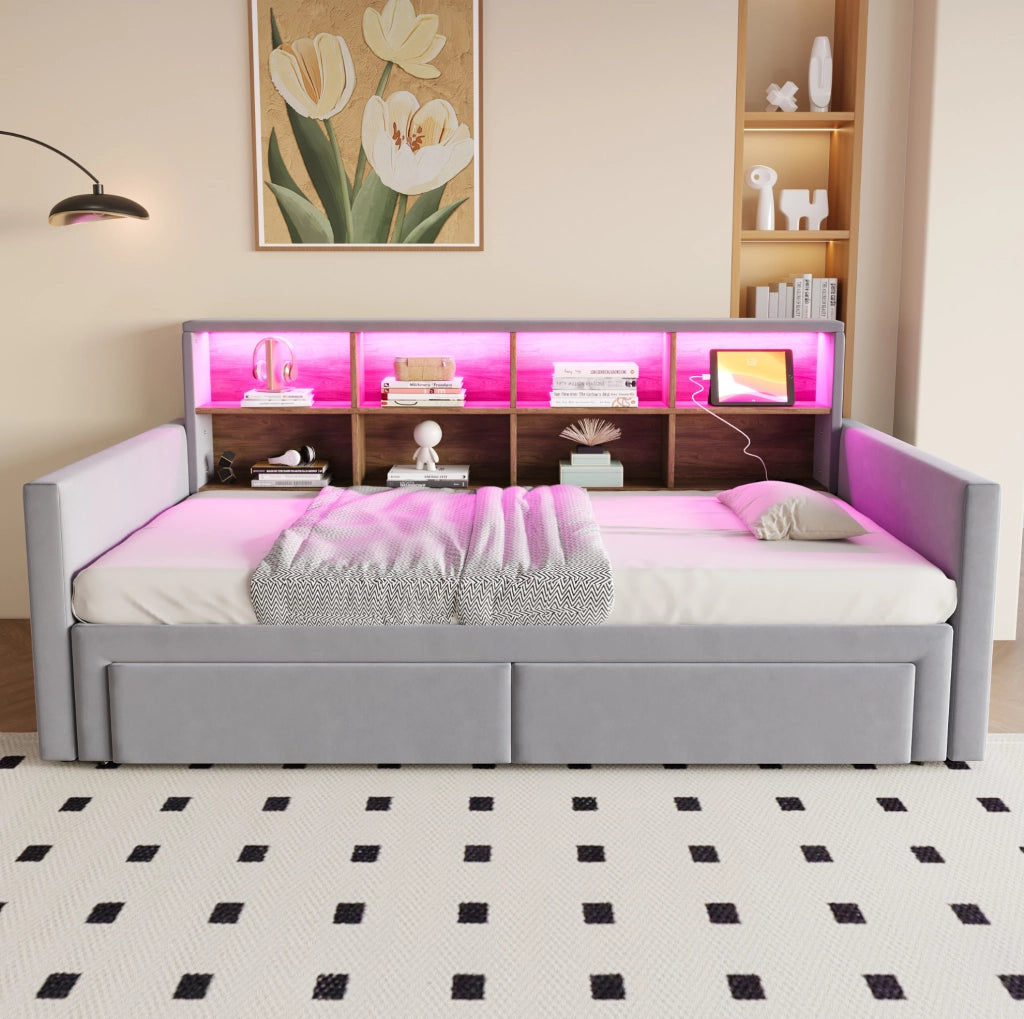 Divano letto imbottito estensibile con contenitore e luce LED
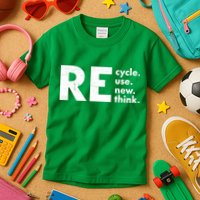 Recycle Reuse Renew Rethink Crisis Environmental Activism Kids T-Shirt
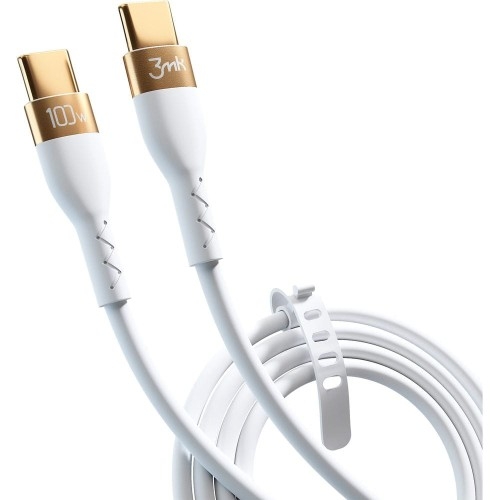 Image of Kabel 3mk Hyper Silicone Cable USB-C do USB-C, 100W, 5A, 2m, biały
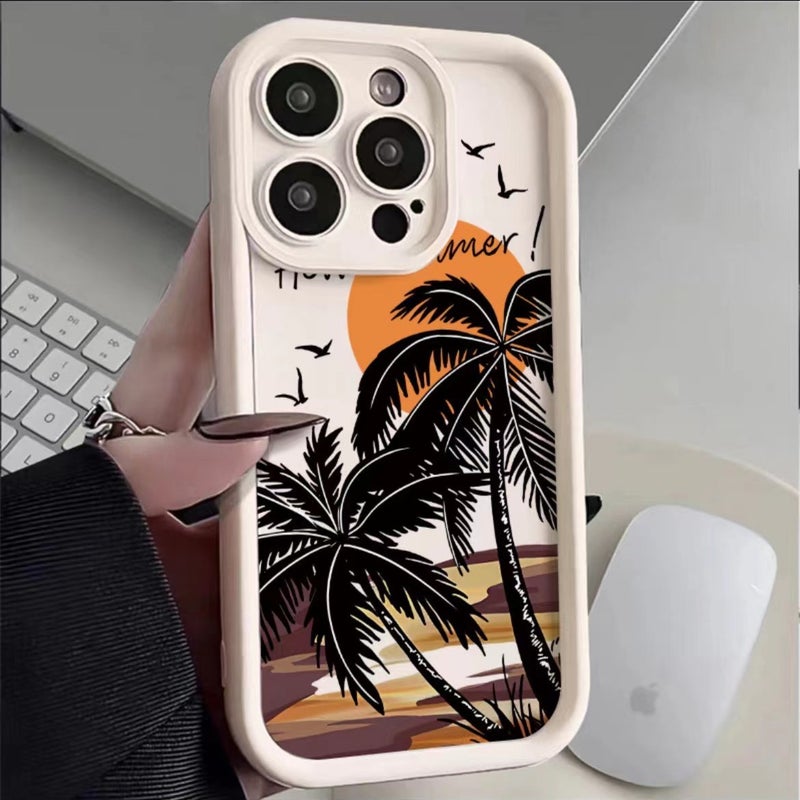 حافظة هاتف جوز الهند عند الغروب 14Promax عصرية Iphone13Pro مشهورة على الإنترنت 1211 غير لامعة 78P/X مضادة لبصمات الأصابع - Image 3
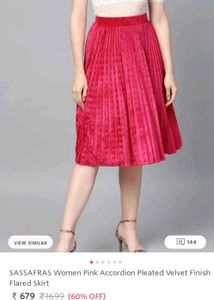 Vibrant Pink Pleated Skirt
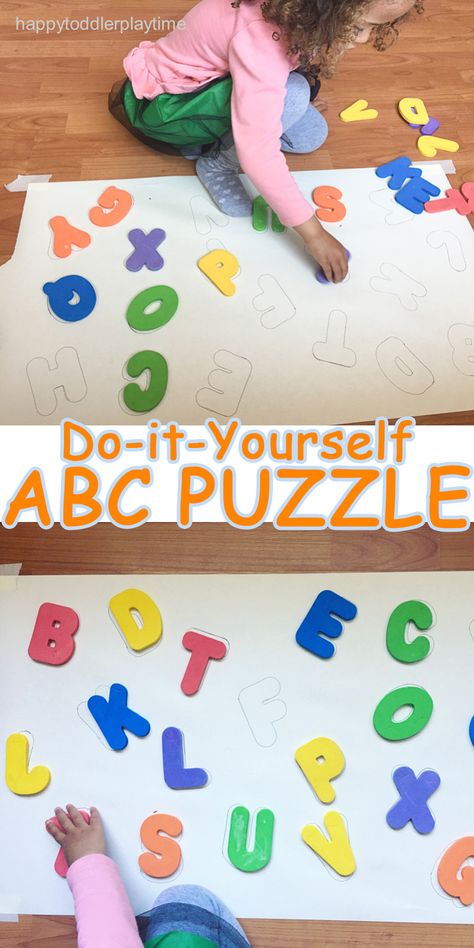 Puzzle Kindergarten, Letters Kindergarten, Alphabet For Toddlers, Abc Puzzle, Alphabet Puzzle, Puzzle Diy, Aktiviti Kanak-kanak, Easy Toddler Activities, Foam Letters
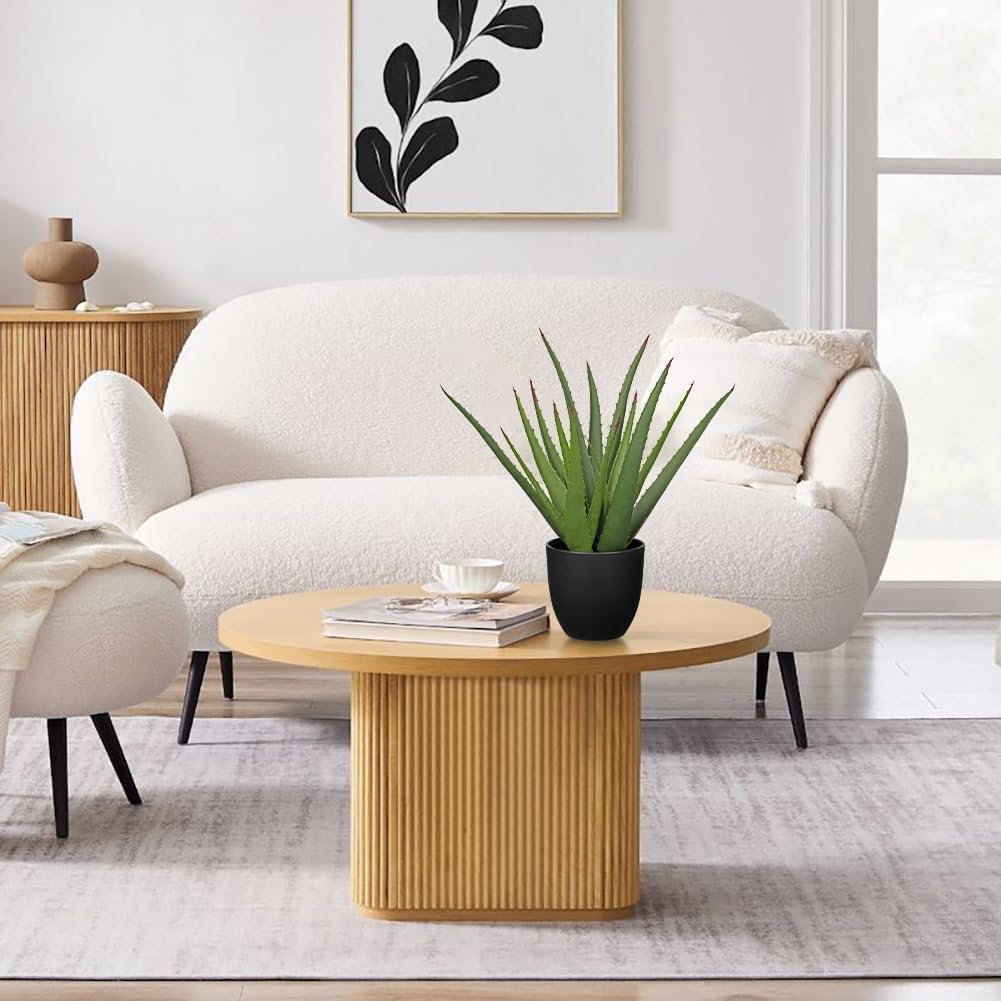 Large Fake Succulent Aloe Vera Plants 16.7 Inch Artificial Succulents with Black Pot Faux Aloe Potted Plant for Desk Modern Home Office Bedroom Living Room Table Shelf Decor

##############################

Exercise directions -
The expected output is the exact run of lines from the first line of the material above through the line that contains "Puzzle Kindergarten, Letters", minus any pictures.

The answer -
 Divano letto imbottito estensibile con contenitore e luce LED
 Recycle Reuse Renew Rethink Crisis Environmental Activism Kids T-Shirt
 Image of Kabel 3mk Hyper Silicone Cable USB-C do USB-C, 100W, 5A, 2m, biały
 حافظة هاتف جوز الهند عند الغروب 14Promax عصرية Iphone13Pro مشهورة على الإنترنت 1211 غير لامعة 78P/X مضادة لبصمات الأصابع - Image 3
 Vibrant Pink Pleated Skirt
 Puzzle Kindergarten, Letters Kindergarten, Alphabet For Toddlers, Abc Puzzle, Alphabet Puzzle, Puzzle Diy, Aktiviti Kanak-kanak, Easy Toddler Activities, Foam Letters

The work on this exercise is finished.